Sharing the back mark of 30m with Maczaffair will be the Ross Olivieri-trained Sheer Rocknroll, who was the sole backmarker off 30m in last year’s Race For Roses in which she was driven to an easy victory by Chris Lewis after going forward in the early stages and racing in the breeze for much of the way.
The only runner off the 20m mark is the Nathan Turvey-trained Chevrons Champion, who bounced back to top form with a convincing all-the-way victory over 2130m last Friday night. Chevrons Champion also started off 20m in last year’s race when she raced in sixth position before sustaining a spirited three-wide burst to finish fourth.

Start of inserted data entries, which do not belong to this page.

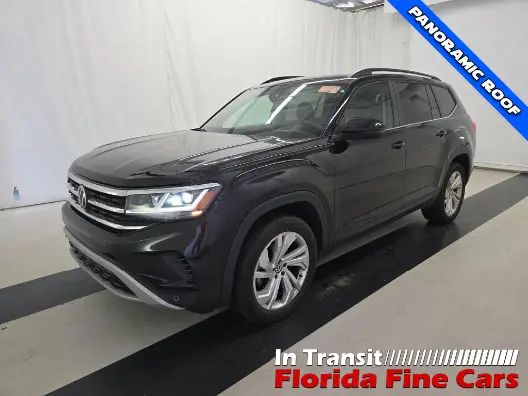 Florida Fine Cars - Used VOLKSWAGEN ATLAS 2021 ORLANDO 2.0T SE W/TECHNOLOGY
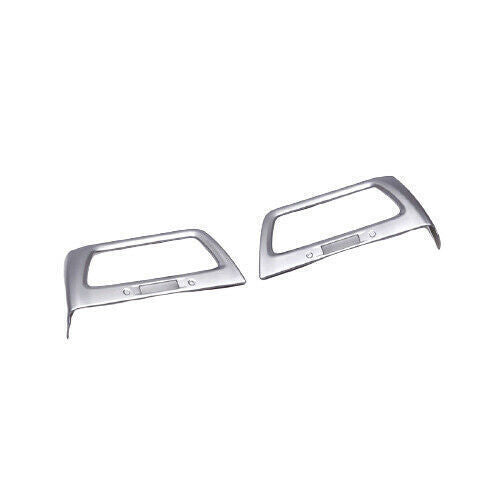 LR AC Air Outlet Vent Cover Trim 2X for Honda Accord Crosstour 2008-2013 Silver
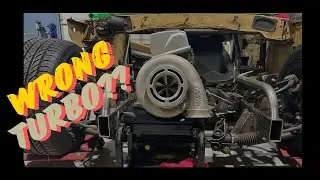 Starting the Custom Turbo Kit | Mid-engine K24 Truck | 2025 Goals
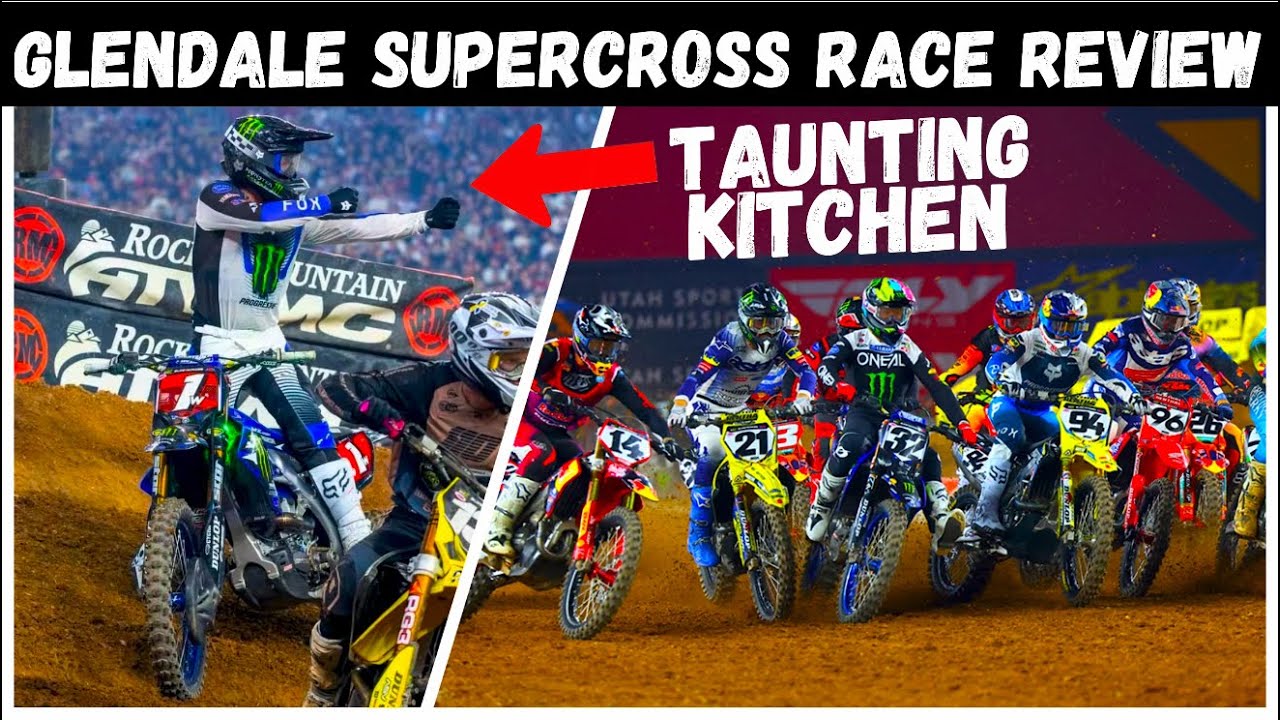 Deegan vs Kitchen - Rivalry OVER?! Roczen WIN, Tomac CRASH, Hunta Red Plate & Sexton is CONFUSING!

The appearance of brilliant mare Eden Franco will add considerable interest to the race. The Colin Brown-trained five-year-old, who will start off 10m, resumed after a spell almost four weeks ago and impressed with a stylish victory at a 1.56.6 rate over 2130m at Gloucester Park.

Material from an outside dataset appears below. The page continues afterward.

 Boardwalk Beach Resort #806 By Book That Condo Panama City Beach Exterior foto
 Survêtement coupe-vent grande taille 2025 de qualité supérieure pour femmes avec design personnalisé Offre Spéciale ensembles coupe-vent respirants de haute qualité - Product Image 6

That was her eighth win from ten starts in Western Australia and she looks set for bigger and better things. She is an ODS performer (outside draw in stands) and Brown said: “She’s ODS and so she’s got to be a risk.”

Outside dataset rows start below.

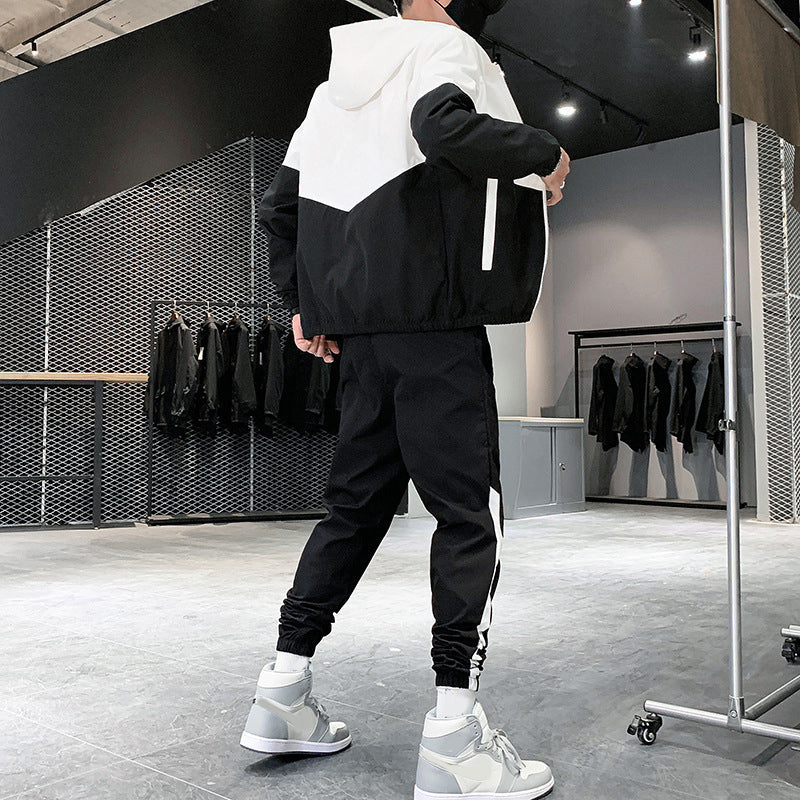 EB | Herren-Jacke mit Kapuze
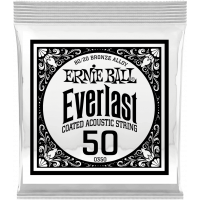Ernie Ball Everlast coated 80/20 br onze 50 - Vue 1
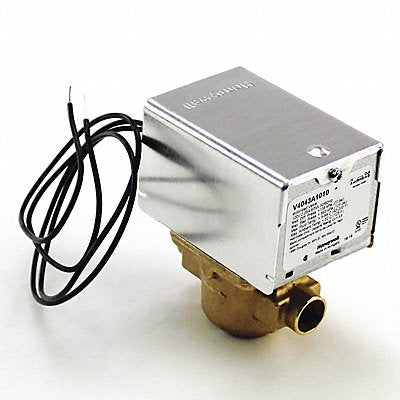 HONEYWELL V4043A1010 Sweat Zone Valve 120V 1/2 N/C 3.5 CV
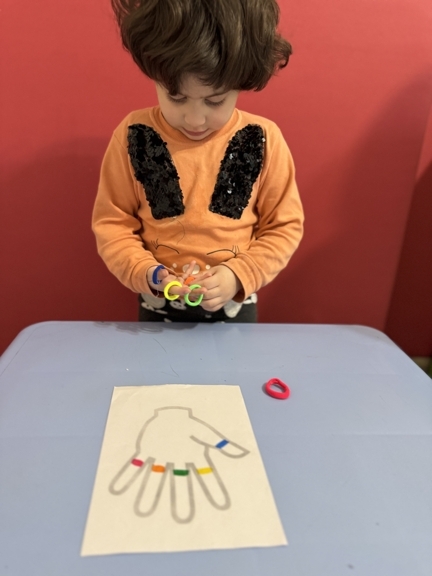 بازی رنگ ها / الگویابی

However, it is well worth weighing up her prospects by taking into her standing start form in New Zealand where she had four starts in stands for a win, a second and two thirds. At her final appearance in New Zealand in a 2600m stand, she began smoothly from the outside of the front line, dashed to the lead after 150m and gave a bold frontrunning display to win in good style.
Gary Hall jun. said he was looking forward to driving the Kevin Keys-trained Sarah Goody, who will start off the 10m mark. Sarah Goody has resumed after a spell in good fashion with two starts for wins at Gloucester Park and Pinjarra.
“I give her a good chance,” Hall said. “She generally needs to be driven sat-up and I think that she is as good as any of them.”
Justin Prentice, who trained and drove The Parade and Digital Art to victory in the Race For Roses in 2015 and 2016 and then finished second with the pacemaker Maia Maguire 12 months ago, is pinning his hopes with promising, lightly-raced four-year-old Pick My Pocket.
Pick My Pocket, whose past 11 starts have produced five wins, four seconds and two thirds, will start off the front mark and Prentice is likely to attempt an all-the-way win.
The Skye Bond-trained Better B Chevron (10m) will also be strongly fancied. She has raced 26 times for 12 wins and ten placings.